*Work instructions:* Only the lines from the start of the entries through the line with "Women's Boho Macrame" should be returned, each exactly as it stands, and no pictures.

*Data supplied:*
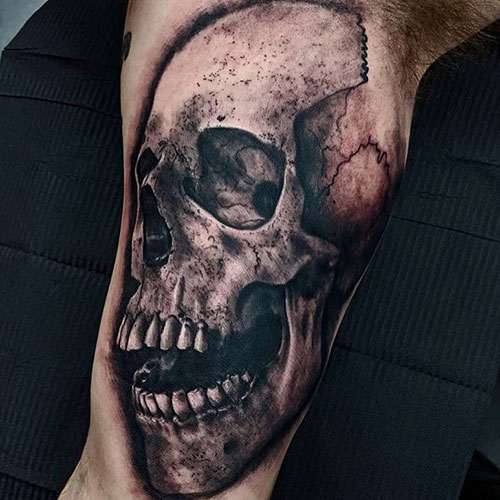 Badass Skull Bicep Tattoo Ideas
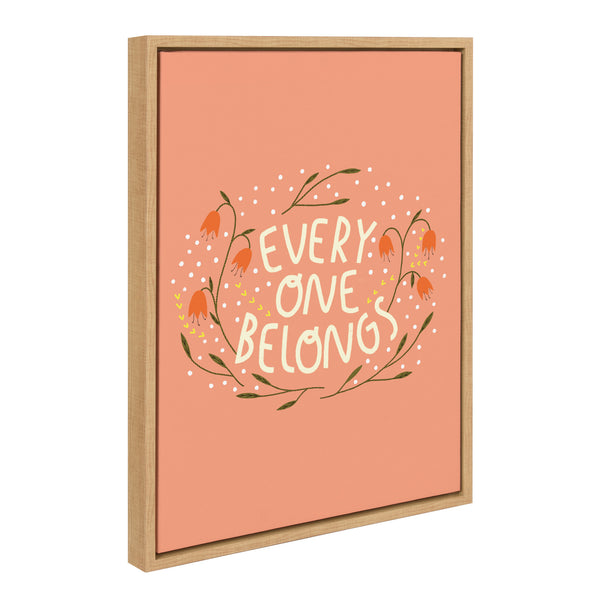 Kate & Laurel Sylvie Everyone Belongs Framed Canvas By Stacie Bloomfield Of Gingiber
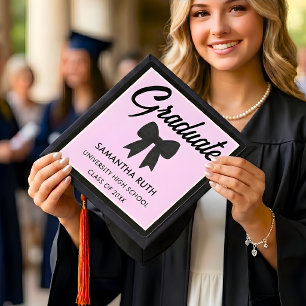 Black Gingham Bow Graduation Cap Topper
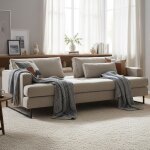 Canap convertible 3 places bangkok velours ctel beige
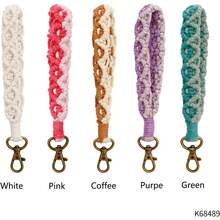 Women's Boho Macrame Keychain Wristlet Bracelet Handmade Braided Hand Wrist Lanyard For Keys, Purse, Car Keys Holder - 心形(綠色) - 查看 7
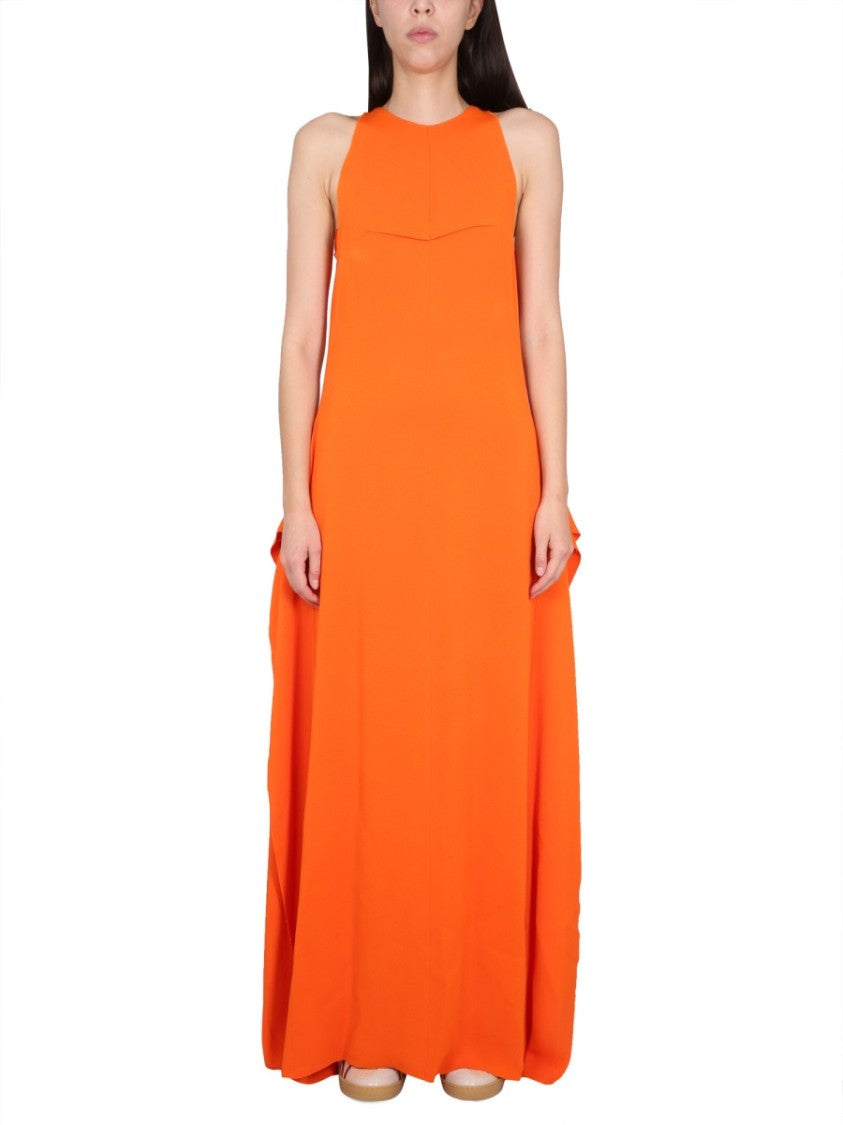 Round Neck Longuette Dress With Concealed Design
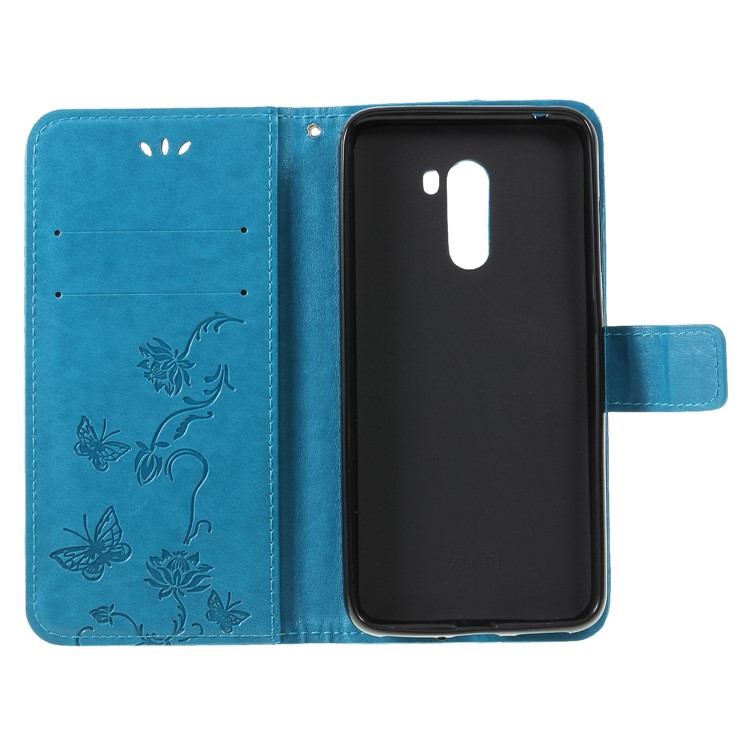 Imprint Butterfly Flower Leather Magnetic Phone Shell for Xiaomi Pocophone F1 / Poco F1 (India) - Blue-6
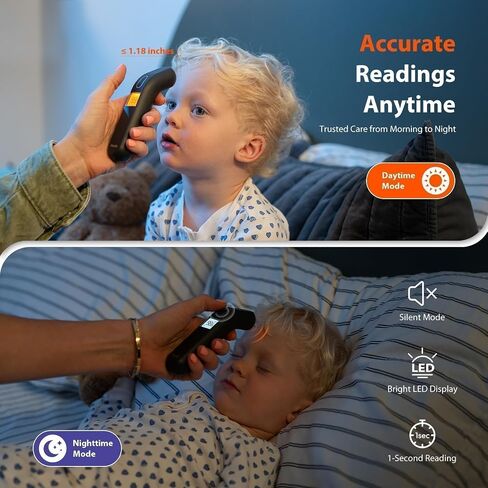 iHealth Touchless Thermometer for Adults and Kids, Color-Coded Alert & Silent Mode, 1-Second Accurate Fever Check, Portable for Home, Travel Use - PT2L Black in Kuwait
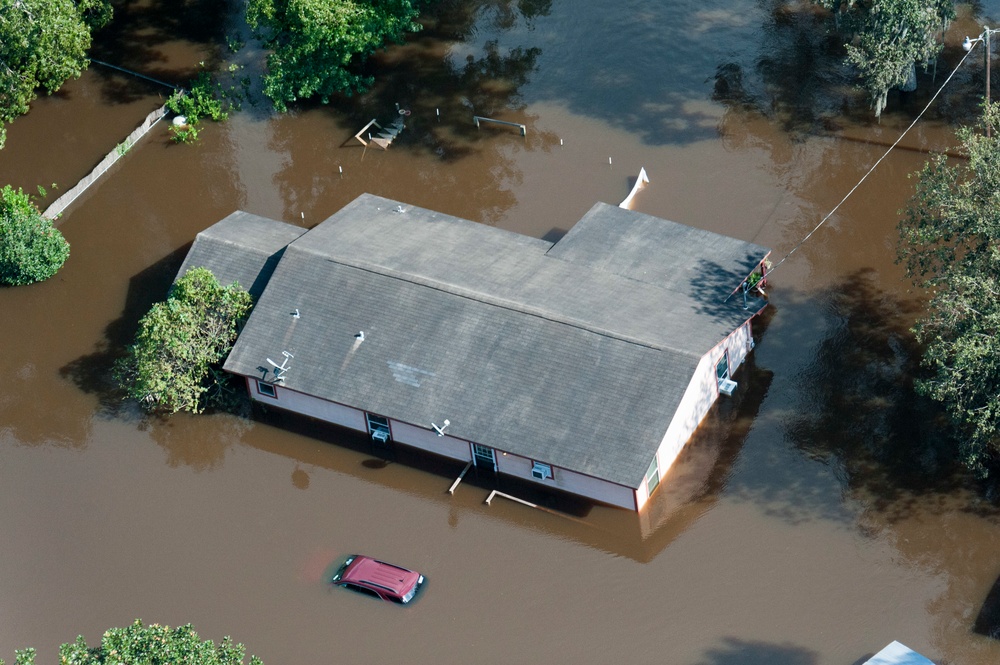 Hurricane Harvey flooding north of Beaumont, Texas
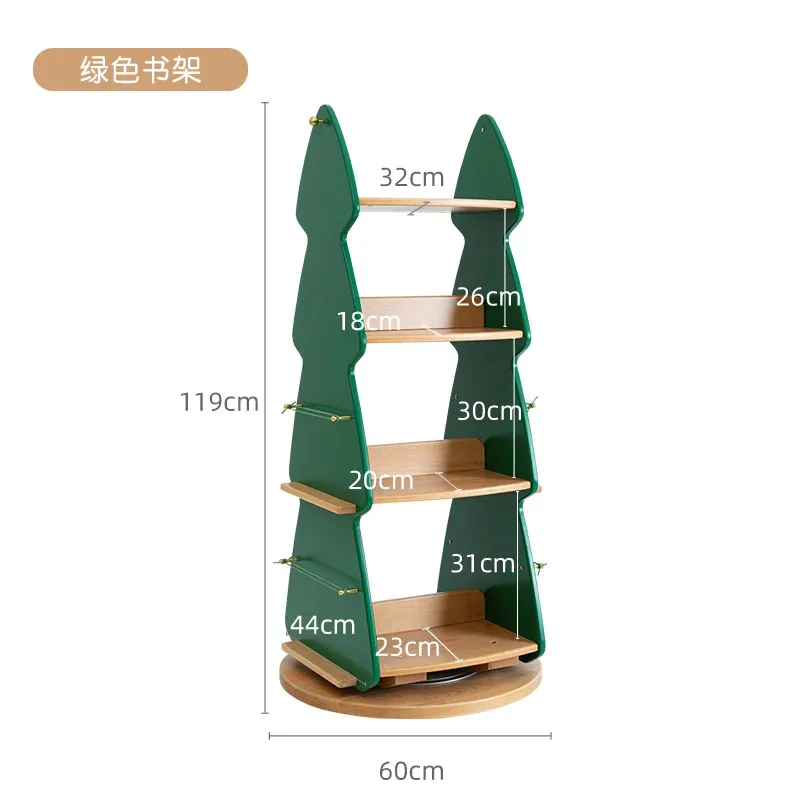 Children Bookshelf Picture Bookcases Solid Wood Storage Learn Multi-layer 360° Solid Wood Rotating Bookcase Furniture WKBC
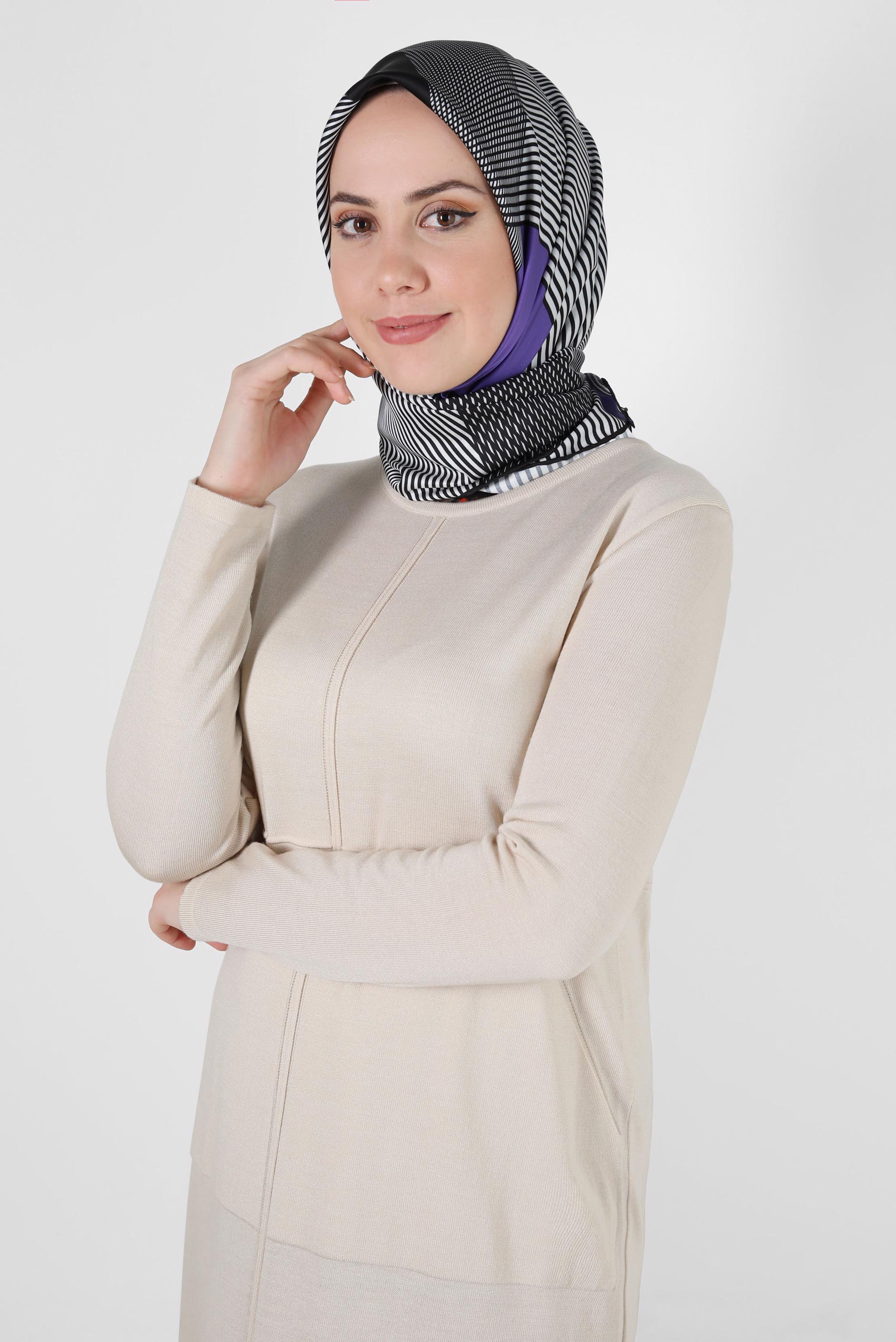 Tesettür giyim SİYAH ALVİNA DİJİTAL EŞARP 8262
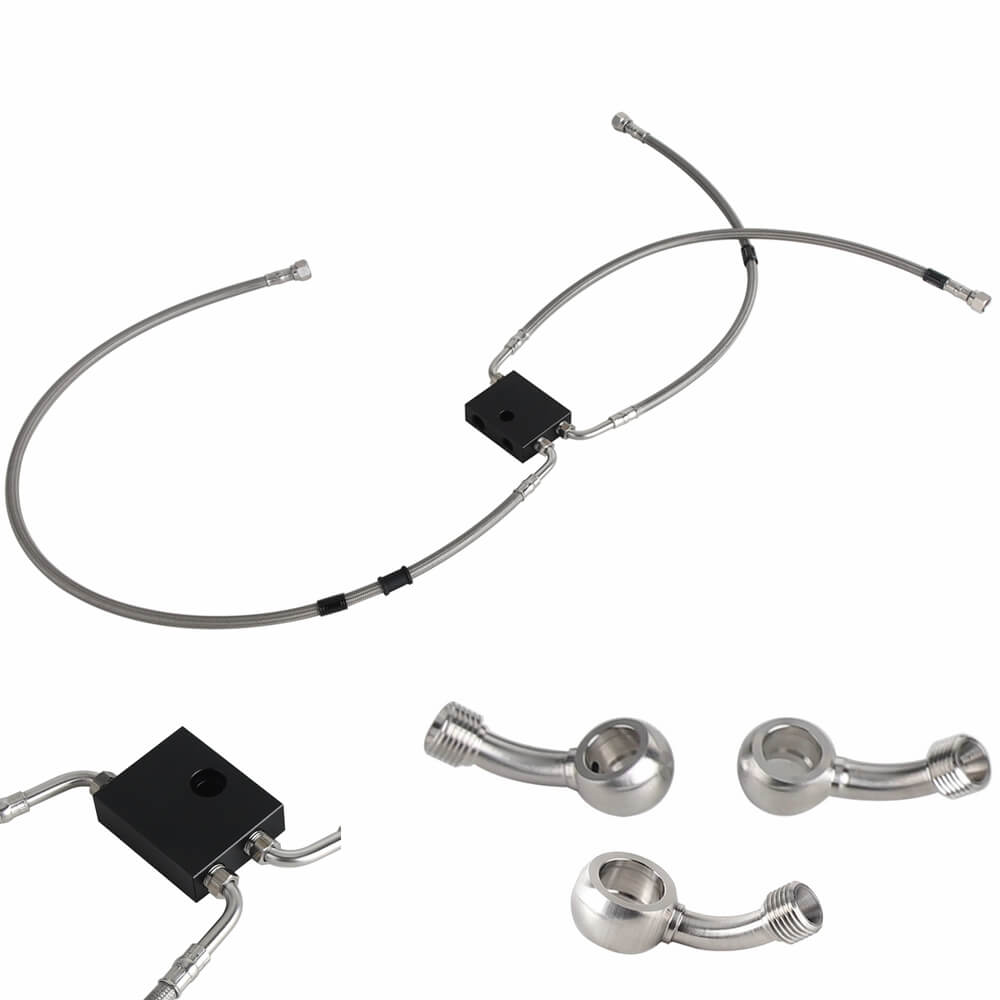 Harley Softail M8 Low Rider ST S FXLRST Fat Bob FXFB FXDRS 16-18" Handlebar Front Extended Length Upper Lower Brake Line w/ABS - pazoma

*Worked solution:*
 Badass Skull Bicep Tattoo Ideas
 Kate & Laurel Sylvie Everyone Belongs Framed Canvas By Stacie Bloomfield Of Gingiber
 Black Gingham Bow Graduation Cap Topper
 Canap convertible 3 places bangkok velours ctel beige
 Women's Boho Macrame Keychain Wristlet Bracelet Handmade Braided Hand Wrist Lanyard For Keys, Purse, Car Keys Holder - 心形(綠色) - 查看 7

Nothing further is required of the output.